# 500 Series Audio Racks & Modules ?



## synthpunk (Sep 15, 2015)

Anyone else using a 500 Series Audio rack ?

What are your favorite Modules ?

I have two Neve 511 in a 8 space API rack, and will be doing some DIY over the winter.


----------



## mc_deli (Sep 15, 2015)

Oh yeah. Gear here we go...
Yes. I wanted a basic mono tracking/external DAW FX chain with pre->1176->Pultec and portable on a budget. I tested a Heritage 73, Great River, Neve 1073LB, RN517... and I went with the Neve. The Heritage was soooo similar but I knew I would just keep wondering "what if" if I didn't get it. I got the Lindell PEX EQ and 7X comp on the cheap as "starters". And I have the Radial EXTC for guitar FX i/o. I got the Radial 6 pack. Highly recommended. Great switching/cascading and front panel access. And very portable.

Not mine but next door I can patch into 2 more 1073 LBs, 2x512, 2x527, PhaseQ, DerrEsser and another EXTC, all in the Purple10. There is other stuff. But I feel kinda dirty talking about non virtual gear on VI!

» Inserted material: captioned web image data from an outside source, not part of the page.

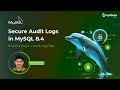 Secure Audit Logs In MySQL 8 4 Vinoth Kanna Mydbops Webinar 45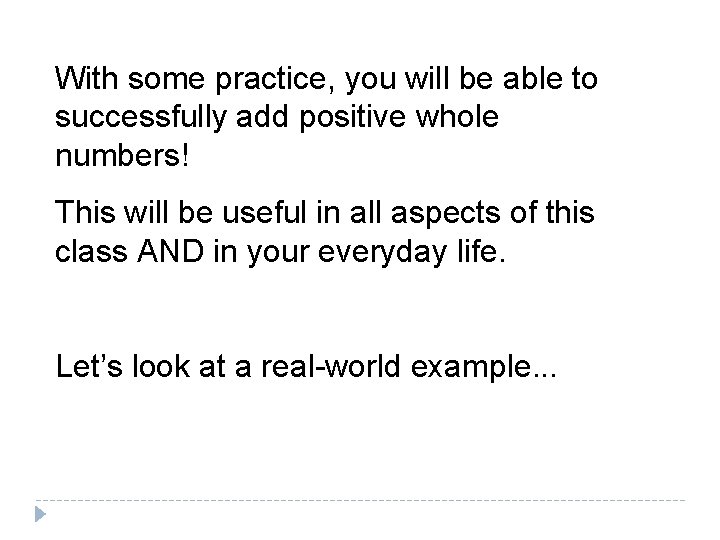 With some practice, you will be able to successfully add positive whole numbers! This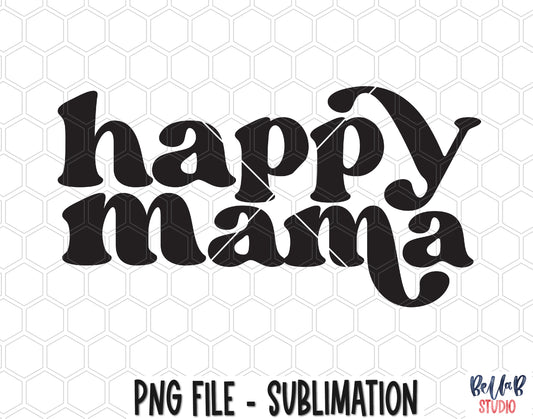 Happy Mama Sublimation Design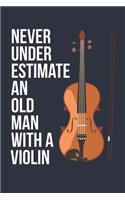 Funny Violin Notebook - Never Underestimate An Old Man With A Violin - Gift for Violin Player - Violin Diary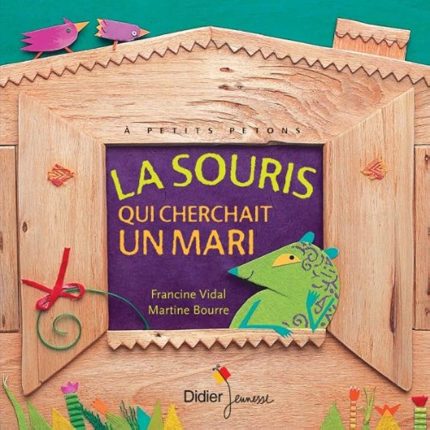 LA SOURIS QUI CHERCHAIT UN MARI HC - FRANCINE VIDAL-MARTINE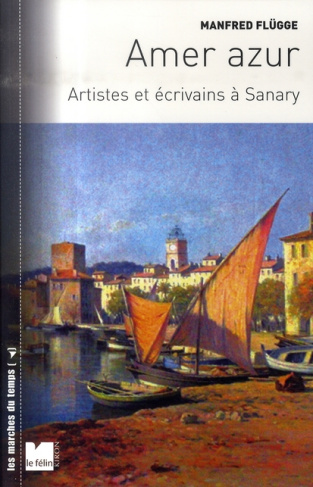 Amer Azur. Artistes et écrivains à Sanary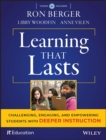 Image for Learning that lasts  : challenging, engaging, and empowering students with deeper instruction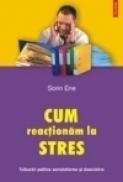 Cum reactionam la stres. Tulburari psihice somatoforme si disociative - Sorin Ene
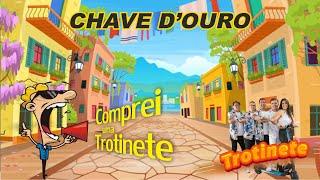Chave DOuro - Trotinete Lyric Video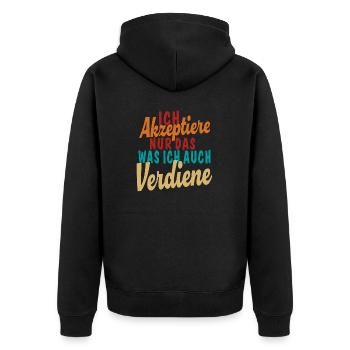 Akzeptiere was ich auch Verdiene - Unisex Premium Bio Zip Hoodie - Schwarz - Hinten - Nico (187cm)
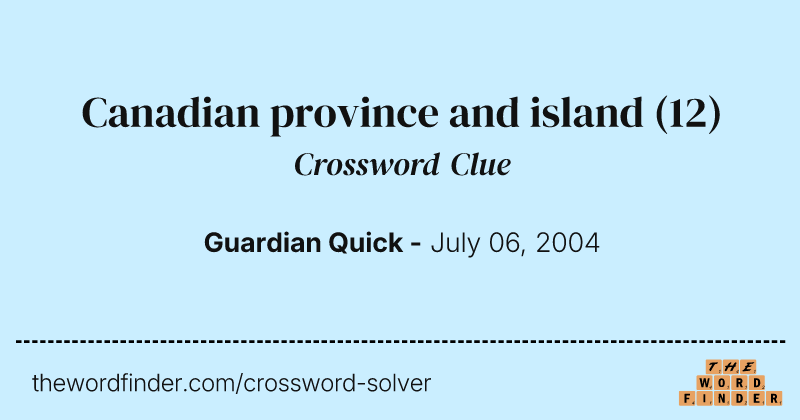 Canadian province and island crossword clue image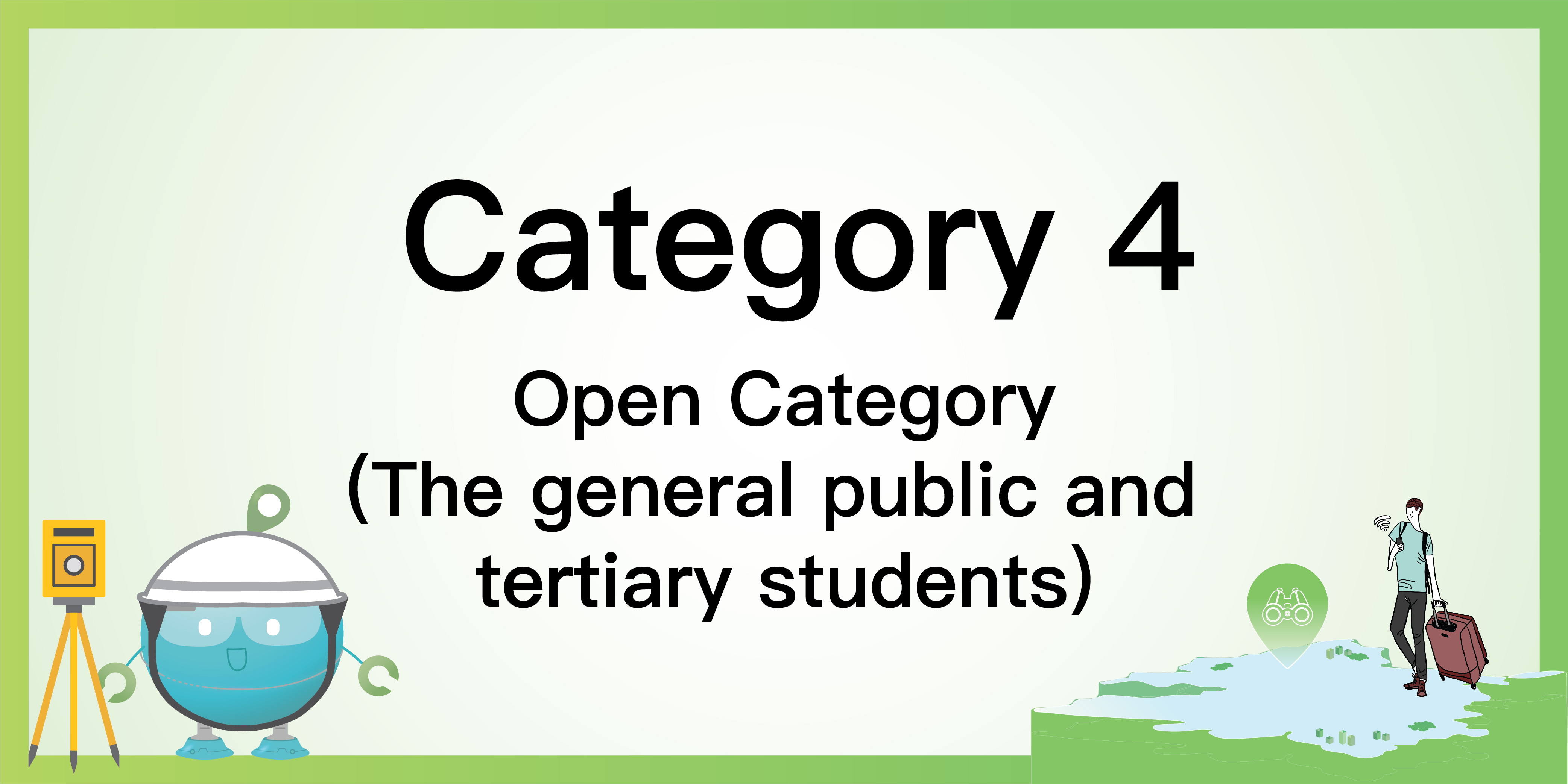 Category 4: Open Category (The public and tertiary students)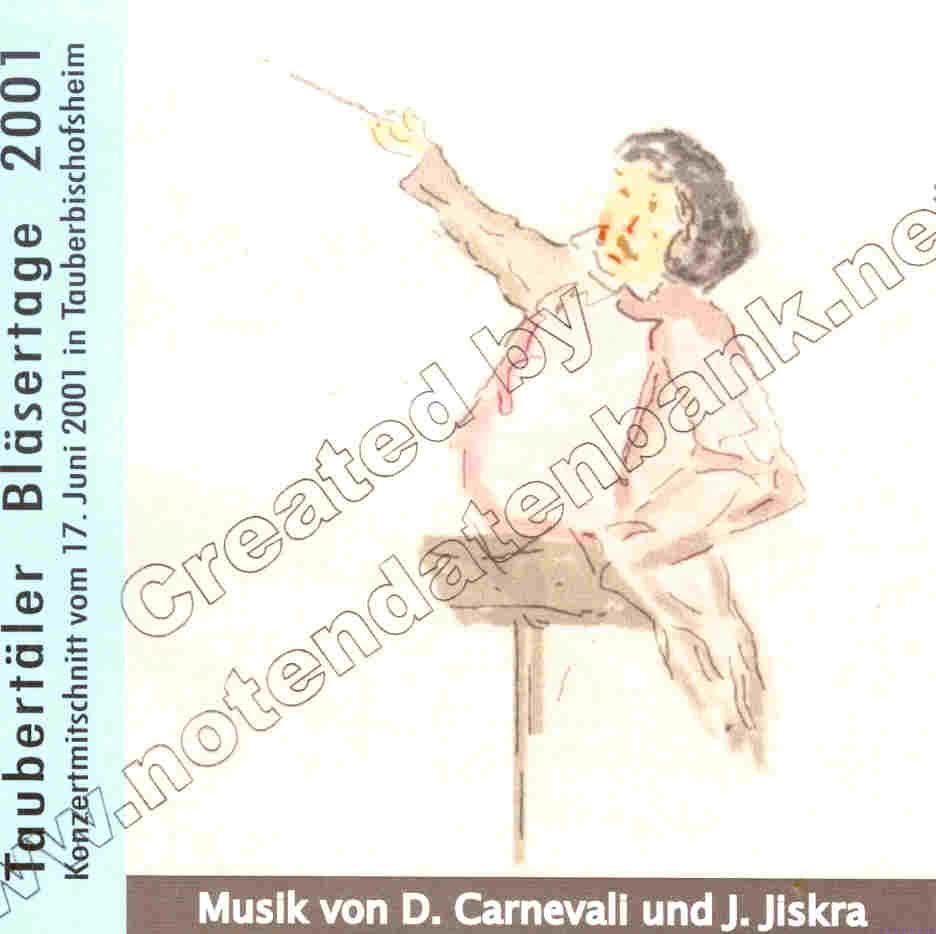 Taubert�ler Bl�sertage 2001: Musik von D.Carnevali und J.Jiskra - cliquer ici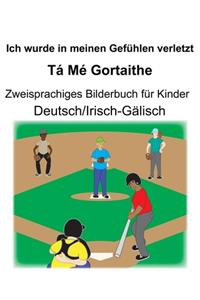 Deutsch/Irisch-Gälisch Ich wurde in meinen Gefühlen verletzt/Tá Mé Gortaithe Zweisprachiges Bilderbuch für Kinder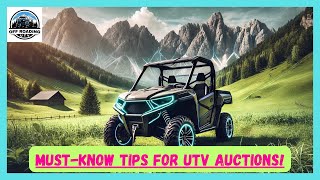 MUST-KNOW TIPS FOR UTV AUCTIONS | SIDE-BY-SIDE SALVAGE YARDS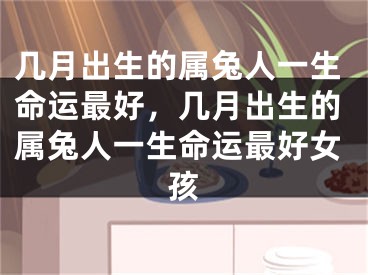 几月出生的属兔人一生命运最好，几月出生的属兔人一生命运最好女孩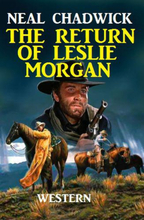 The Return Of Leslie Morgan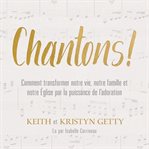 Chantons! : comment transformer notre vie, notre famille et notre Église par la puissance de l'adoration cover image cdn
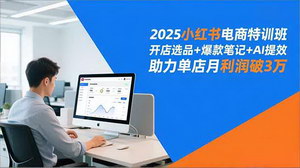 [支持免费下载]2025小红书电商特训营：开店选品+AI提效，单店月利破3万实操指南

There are gaps in both 500 racks! *Shame*


----------



## ed buller (Sep 15, 2015)

API....things of sonic beauty.....

e


----------



## Studio E (Sep 15, 2015)

So if you do a DIY, I own 8 channels of the API (Audio Products of Illinois) VP-28s and they are a thing of absolute beauty for recording drums and guitar, especially when you push the first transformer into the second.


----------



## chimuelo (Sep 15, 2015)

Just started noticing since '95 how far along the EuroRack and modular based concepts have come.
I am really interested in digitally controlled Analog signals.
Love Modular but really don't like the noodles of patching.
Would love to see something similar to what Jim Gamble did with mixers, or what Manley has done with Digital connections.
To me having the ability to route hardware into my PC via the XITE-1 DSP rack is a concept I cannot live without.
Anyone know of some great Euro or 500 series stuff that can be connected digitally or is at least digitally controlled...?

Thx.


----------



## sleepy hollow (Sep 15, 2015)

I'm wondering if some of dbx 900 series modules are still around.

The comp model was basically a dbx 160 in a tiny casing - very handy!


----------



## synthpunk (Sep 15, 2015)

Hi Eric, I had a couple VP28's but preferred the Neve's (were a little more smoother and versatile on all sources) so traded them.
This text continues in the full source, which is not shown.